Он ответил с явным усилием:
– А я и не собираюсь утверждать, что она была доброй.
Мне думается, он боится, что Жанна тоже может устать от его доброты, всегдашней уступчивости, стремления приносить ей одну только радость.
Пусть не боится. Жанна не устанет. И ей не надоест его доброта. Она привыкла к нему, принимая все, что он для нее делает, как должное, само собой разумеющееся. И по своему любит его. Так, как умеет. Потому что каждый любит в меру своих возможностей. Ни больше, ни меньше.
Я считаю Жанну счастливой. Так прямо и сказала ей:
– Ты – счастливая…
– Чем я счастливая? – спрашивает она.
– Всем. Прежде всего у тебя нет биографии.
– Как это – нет биографии? Что это значит?
– Твоя биография укладывается всего в несколько строчек: полюбила, вернее сказать, сперва вышла замуж, потом полюбила, потом родила дочку. Никаких сложностей, тревог, превратностей, вспышек и взрывов. Все просто и законченно.
Жанна – великая спорщица – неожиданно согласилась со мной:
– Наверное, ты права. И я счастливая. Только иногда все же бывает нехорошо, не так, как хотелось бы…
– Почему?
– Все дело в страхе за Наташу…
Я понимаю Жанну. Наташа – это островок уязвимости, постоянной боязни, чтобы не заболела, не ушиблась, чтобы ее никто не обидел.
И так, должно быть, будет до конца, до последнего Жанниного часа…
Приходит со двора Наташа. Врывается в дверь, вся в снегу – снег на шапке ушанке с поднятым кверху ухом, снег на шубке, из которой она выросла еще в прошлом году, снег на лыжных штанах, некогда ярко бирюзовых.
– Ребята! – кричит Наташа. – Порядок! Победа за нами!
– Сумасшедшая, – замечает Жанна, не трогаясь с места. – Ты же вся промокла…
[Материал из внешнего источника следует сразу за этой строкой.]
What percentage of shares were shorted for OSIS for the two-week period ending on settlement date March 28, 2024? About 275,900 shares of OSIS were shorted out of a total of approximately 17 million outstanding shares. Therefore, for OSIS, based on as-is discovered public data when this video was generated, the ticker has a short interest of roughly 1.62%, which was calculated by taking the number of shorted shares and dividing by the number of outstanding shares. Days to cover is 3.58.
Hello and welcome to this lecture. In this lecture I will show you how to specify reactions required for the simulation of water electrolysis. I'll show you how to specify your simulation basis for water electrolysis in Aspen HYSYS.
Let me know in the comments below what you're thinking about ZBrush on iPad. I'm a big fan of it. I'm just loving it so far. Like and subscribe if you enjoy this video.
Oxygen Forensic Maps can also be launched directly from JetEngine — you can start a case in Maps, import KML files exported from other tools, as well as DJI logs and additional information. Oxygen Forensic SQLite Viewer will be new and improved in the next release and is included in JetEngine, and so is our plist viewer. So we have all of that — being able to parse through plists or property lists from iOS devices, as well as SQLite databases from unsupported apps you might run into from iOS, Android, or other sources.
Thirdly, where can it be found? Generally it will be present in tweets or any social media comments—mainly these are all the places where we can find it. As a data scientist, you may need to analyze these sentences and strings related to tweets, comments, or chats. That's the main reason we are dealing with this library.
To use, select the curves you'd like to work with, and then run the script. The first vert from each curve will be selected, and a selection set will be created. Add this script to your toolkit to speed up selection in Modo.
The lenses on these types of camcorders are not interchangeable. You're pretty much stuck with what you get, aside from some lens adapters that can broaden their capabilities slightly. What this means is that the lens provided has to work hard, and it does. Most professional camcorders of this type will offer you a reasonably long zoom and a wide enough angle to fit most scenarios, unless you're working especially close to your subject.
Ирмик молча подходит к Наташе, снимает с нее пальтишко, шапку, стаскивает и насквозь промокшие сапожки, черные, из заменителя под кожу, с разорванной посередине молнией.
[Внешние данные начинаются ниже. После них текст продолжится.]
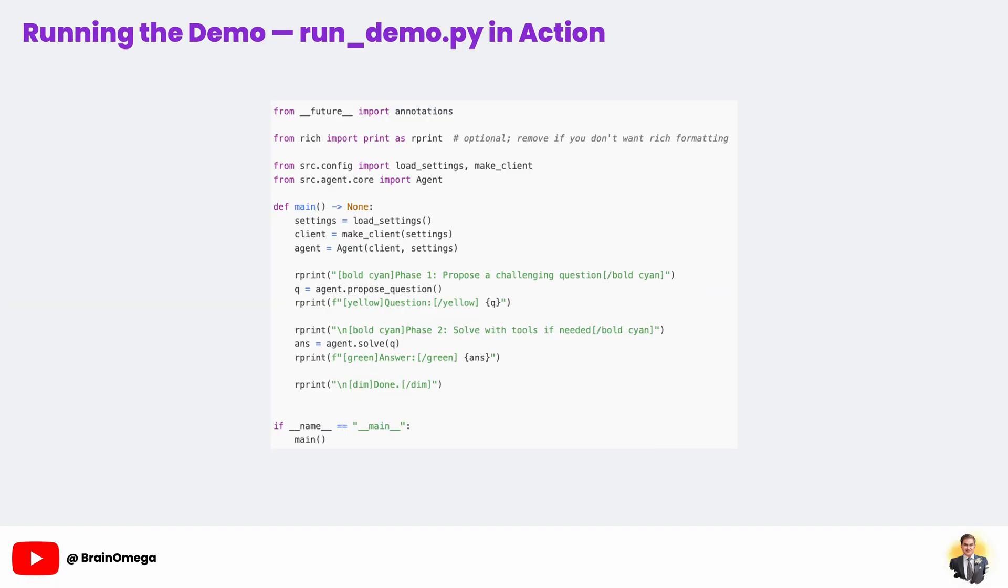This is the script you'll actually run. It loads settings, creates the OpenAI client, and initializes the agent. Then, it goes through two phases. First, asking the agent to propose a question, and second, asking it to solve that question. I use the rich library here for colored output in the terminal, but it's optional. The key thing is that this script shows the agent in action. If you're making a video, this is where you can pause after the question and challenge your viewers to solve it themselves before revealing the AI's answer.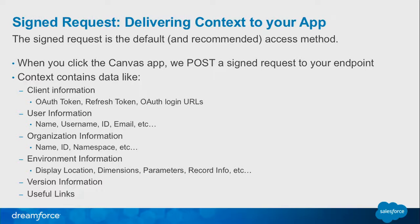The signed request is our default mechanism for delivering information to your Canvas application. Your Canvas application is exposed in Salesforce, and you need to tell that application about the Salesforce context: what page you're on, who the running user is, what org it's running in. Here's the bulk list of the objects that we send to you. When you receive the signed request as a POST, you'll break that down in a JSON payload.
Ирмик терпеливо и привычно выполняет обязанности Жанны.
Жанна тихо говорит:
– А ведь его можно с полным правом называть мамой Ирмой.
У Наташи недаром тонкий слух. Она восклицает радостно:
– Мама Ирма? Это здорово! Папа, я так тебя и буду звать, только так, мама Ирма!
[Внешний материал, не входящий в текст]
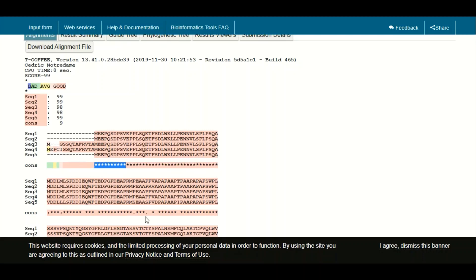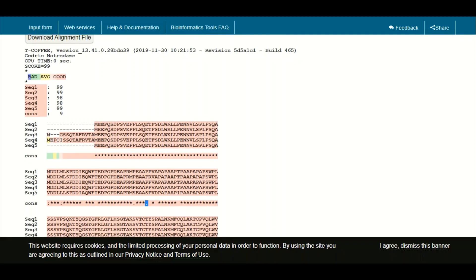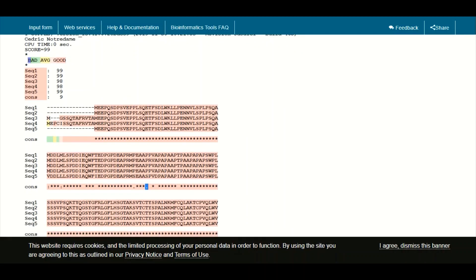You can also see asterisk signs and dot signs here. The asterisk signs indicate that at that position all of the amino acids are identical, while the dot signs indicate that at that position the amino acid residues are not identical but are similar — a concept we have discussed in previous lectures and tutorials.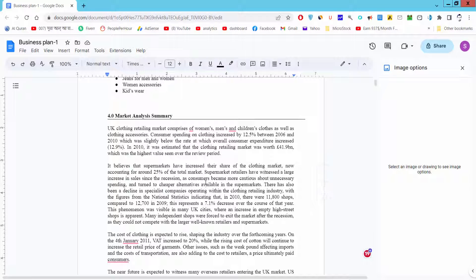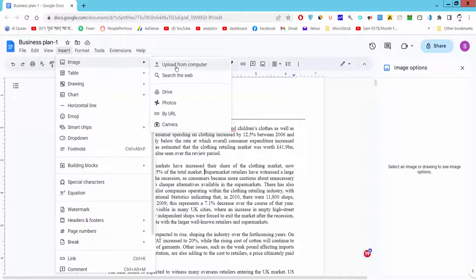Assalamu alaikum. In this video I will show you how to move a picture anywhere in Google Docs. Let's get started. First, go to the Insert menu, then Image, and select Upload from Computer.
Ирмик идет в ванную, развешивает на веревке шапку Наташи, пальто, потом ставит на кухне возле радиаторов отопления мокрые сапожки.
Садится за стол, подвигает Наташе чашку с горячим чаем.
– Кого вы победили? – спрашивает Жанна.
Наташа держит чашку обеими, красными от мороза ладонями.
Ее пальцы похожи на пальцы отца – длинные, изящно и четко вылепленные. Настоящие руки хирурга. Наверно, быть ей, как и отец, врачом. Не певицей, не пианисткой, а врачом. Во всяком случае, мне бы хотелось этого.
– Мы играли в кто кого, мы – это ребята с нашего двора, а они – это с той стороны, за поликлиникой, знаешь, там такой белый дом с лоджиями?